According to research by AV-Comparatives, antivirus for Android are almost all useless because they don't do their job. Here are the test results
Protecting your smartphone with an antivirus to avoid infections by viruses, malware, Trojans and other malicious code is now a priority and no longer an option. But, at the same time, the vast majority of free antivirus for Android downloadable from the Google Play Store would be almost totally useless. This is what emerges from the latest comparison of antivirus for Android carried out by AV-Comparatives.
The site, which specializes in comparisons between security software for mobile devices and Windows and Mac desktops, already in 2017 launched the first alarm about the uselessness of a software, called Virus Shield, which claimed to look for viruses on smartphones but did nothing of the sort. The 2019 version of the comparative, the results of which were recently published, expands to as many as 250 security apps on Android and the results are shocking: 70% of these software, about 170 apps, serve absolutely no purpose but were released only to show advertisements and banners to the user who installs these apps.

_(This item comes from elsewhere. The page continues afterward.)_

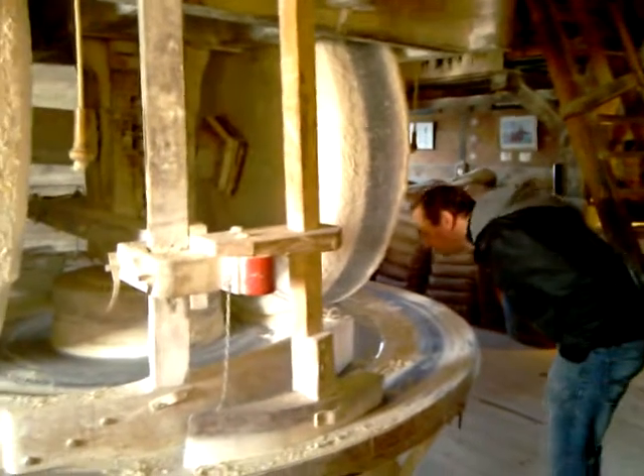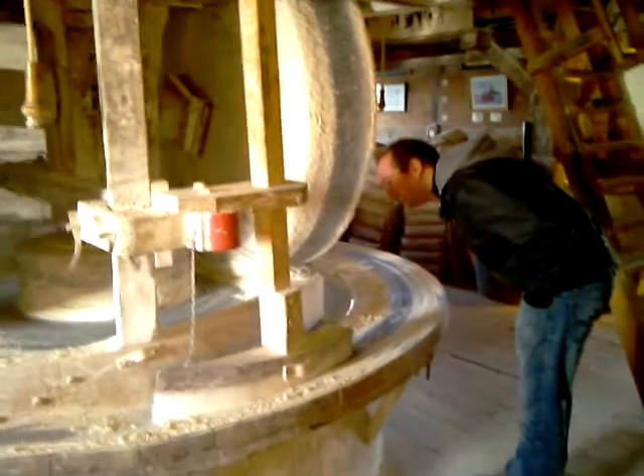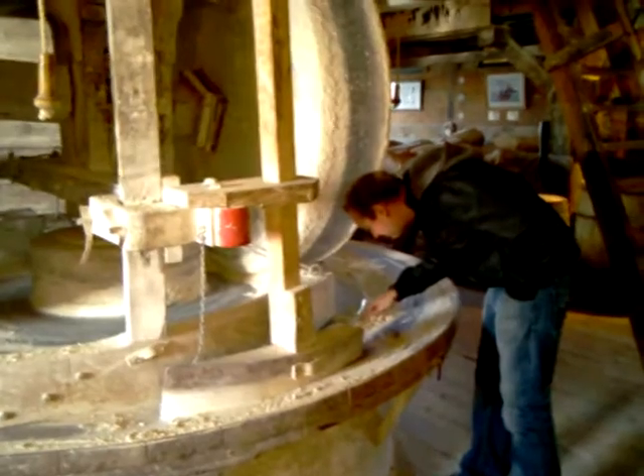We need something for scaling. This is mechanical, so it's Pete inspecting this. Huge stone, 3,000 kilo each. That's 6,000 pounds.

How Fake Antivirus for Android Works
Based on the uselessness of these 170 antivirus for Android is their working mechanism: instead of thoroughly scanning the app code and document data on the smartphone, they just check if the installed apps are on a blacklist of potentially infected apps. Stop, nothing else. This is also the reason for the high performance of this software: just by comparing the installed apps with a list of apps, it takes a few seconds to finish the "scan", if we can call it that. Moreover, these apps all have practically identical interfaces, the same options and the same monetization mechanism: they're free, but they fill you with banner ads.
Results of the 2019 Android Antivirus Comparison
To run the comparison on the 250 antivirus apps, AV-Comparatives ran a total of 500 thousand tests, making these apps scan no less than 2,000 well-known malware. A good "real" antivirus would find 90-100% of them. Of the 250 apps, only 23% recognized 100% of the malware, while 138 apps recognized less than 30%. A threshold, that of 30% of recognized viruses and malware, which for AV-Comparatives marks without a doubt the uselessness of the apps in question. The tests were run in January 2019 in an automated manner, largely on a Samsung Galaxy S9 running Android 8.0 Oreo.